[Records drawn from a dataset]
============

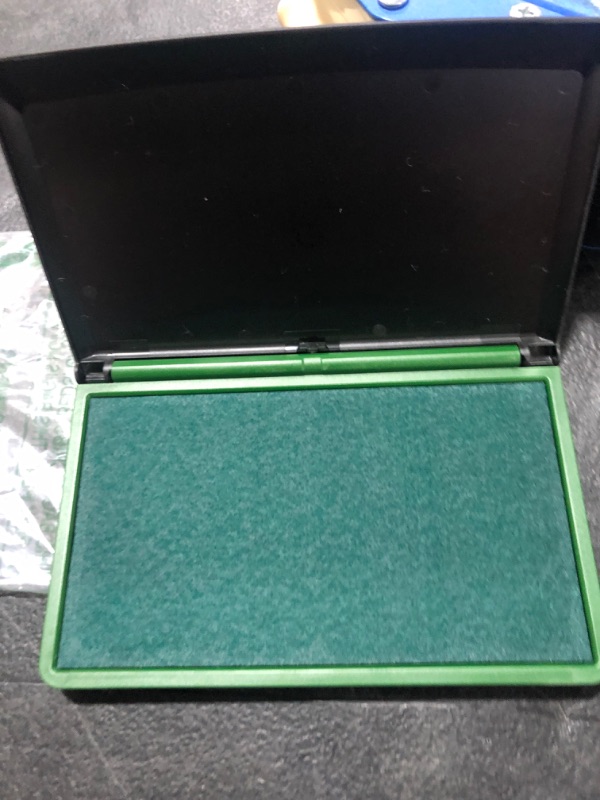 Photo 2 of MaxMark Large Premium Green Ink Stamp Pad - 3.5" x 6.25" - Quality Felt Pad Green 3.5" x 6.25"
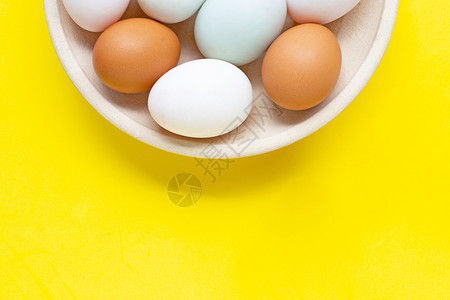 在黄色背景的蛋上复制空格图片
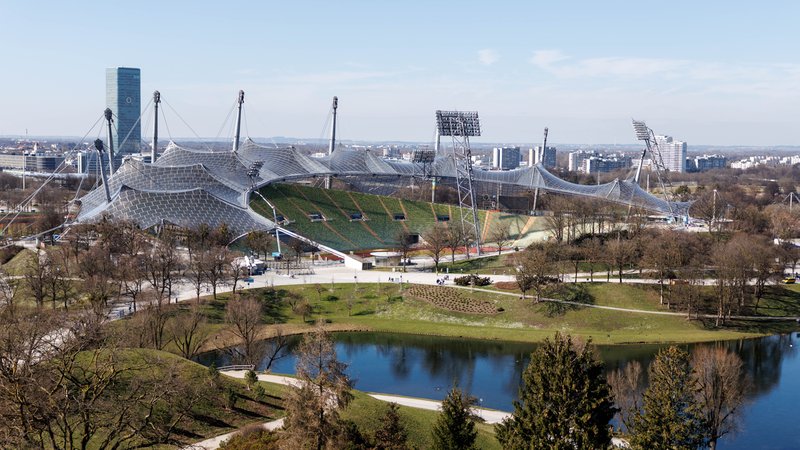 Das Olympiagelände im Olympiapark mit dem Olympiastadion in München (Bayern). | Bild: picture alliance/dpa Das Olympiagelände im Olympiapark mit dem Olympiastadion in München (Bayern).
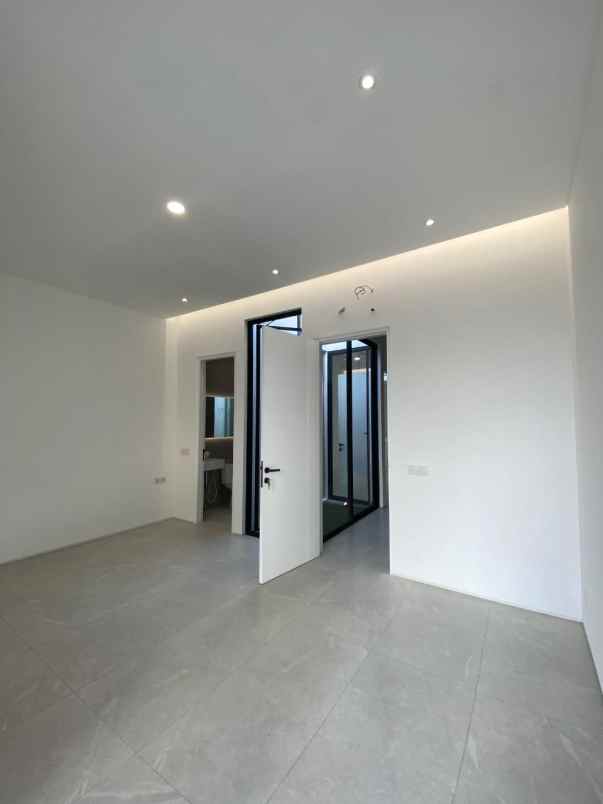 dijual rumah manyar tompotika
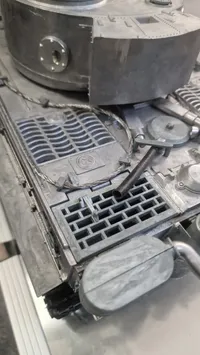 Kæmpe Ekstremt veludført model af tysk kampvogn af metal som kan køre mm.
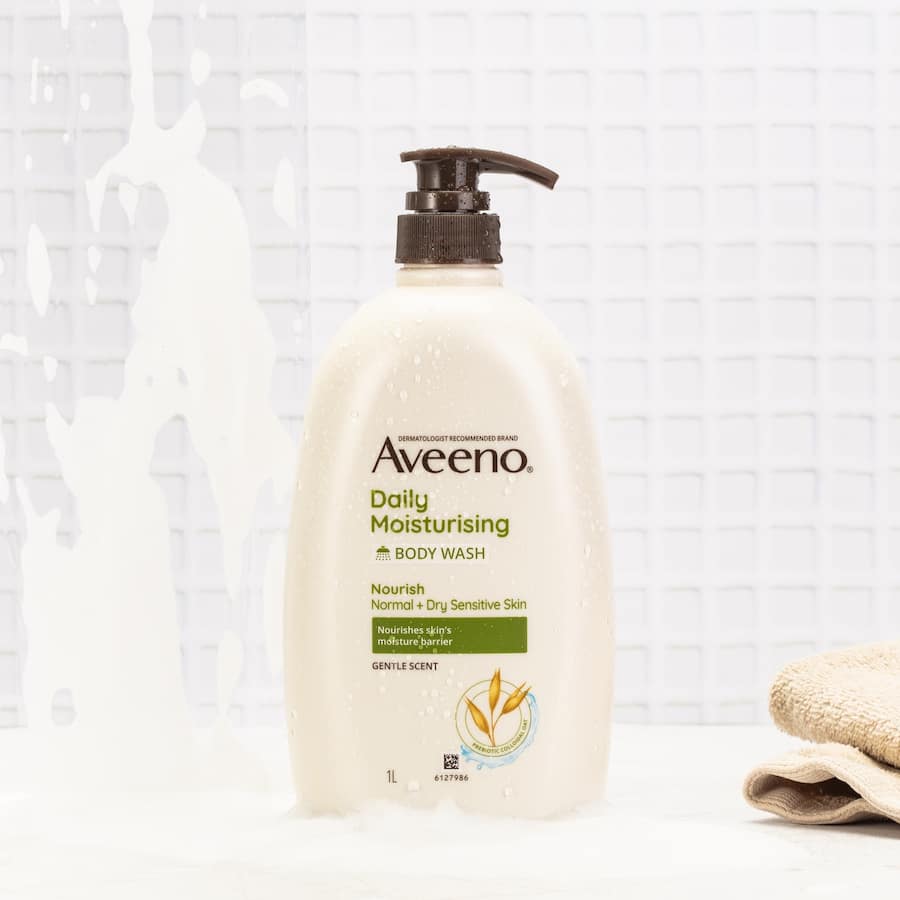 Aveeno Body Wash Daily Moisturising: gentle, soap-free formula with prebiotic oats for soft, hydrated skin. Eco-friendly packaging.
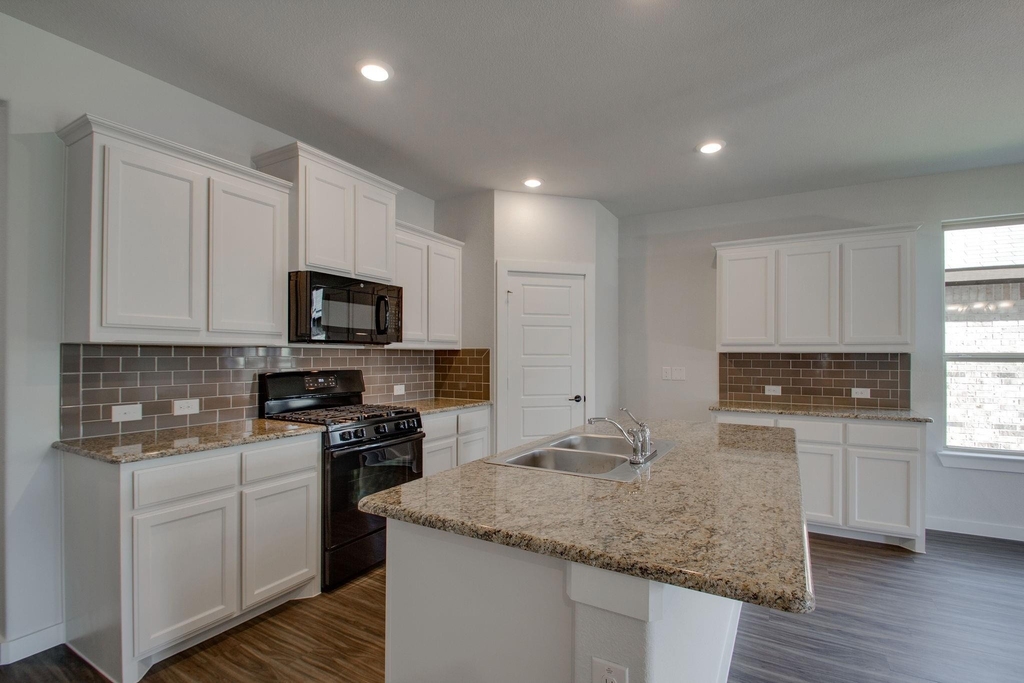 7612 Spring Drive - Photo 10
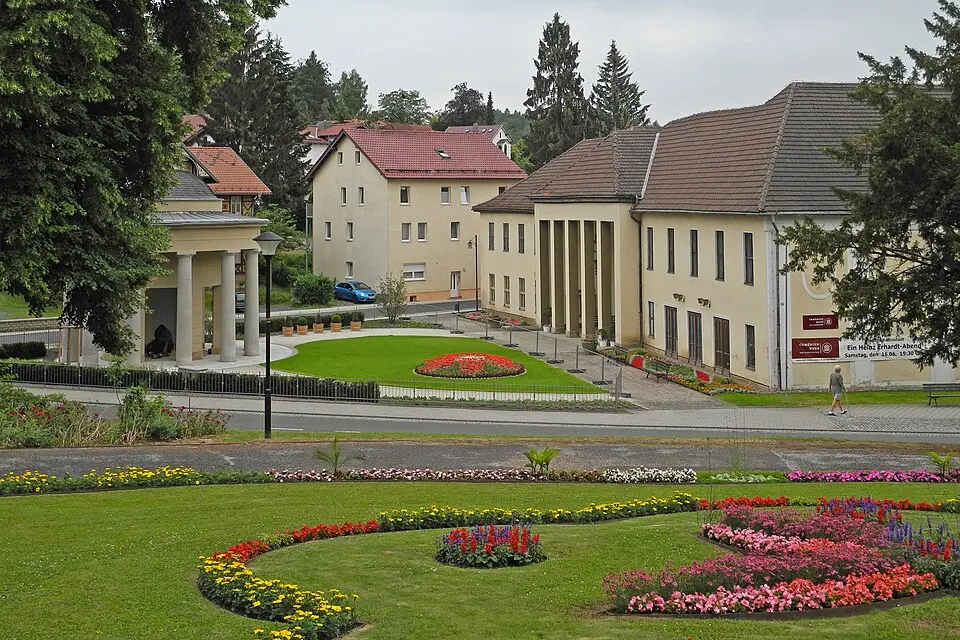 Immagine: SchiDD · CC BY-SA 4.0 Comödienhaus Bad Liebenstein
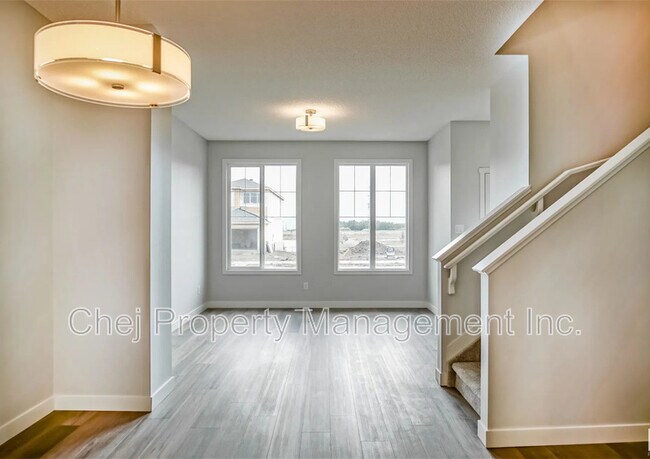 Photo du bâtiment - 17 Nouveau Dr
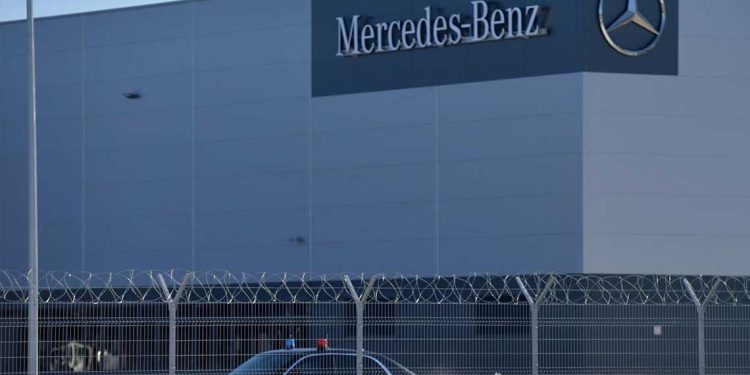 مرسيدس ….انخفاض أرباحها التشغيلية 70%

============

**To do**
Exact repetition of all entries is required. The pictures should not appear.

**Written answer**
 Photo 2 of MaxMark Large Premium Green Ink Stamp Pad - 3.5" x 6.25" - Quality Felt Pad Green 3.5" x 6.25"
 在黄色背景的蛋上复制空格图片
 Das Olympiagelände im Olympiapark mit dem Olympiastadion in München (Bayern). | Bild: picture alliance/dpa Das Olympiagelände im Olympiapark mit dem Olympiastadion in München (Bayern).
 dijual rumah manyar tompotika
 Kæmpe Ekstremt veludført model af tysk kampvogn af metal som kan køre mm.
 Aveeno Body Wash Daily Moisturising: gentle, soap-free formula with prebiotic oats for soft, hydrated skin. Eco-friendly packaging.
 7612 Spring Drive - Photo 10
 Immagine: SchiDD · CC BY-SA 4.0 Comödienhaus Bad Liebenstein
 Photo du bâtiment - 17 Nouveau Dr
 مرسيدس ….انخفاض أرباحها التشغيلية 70%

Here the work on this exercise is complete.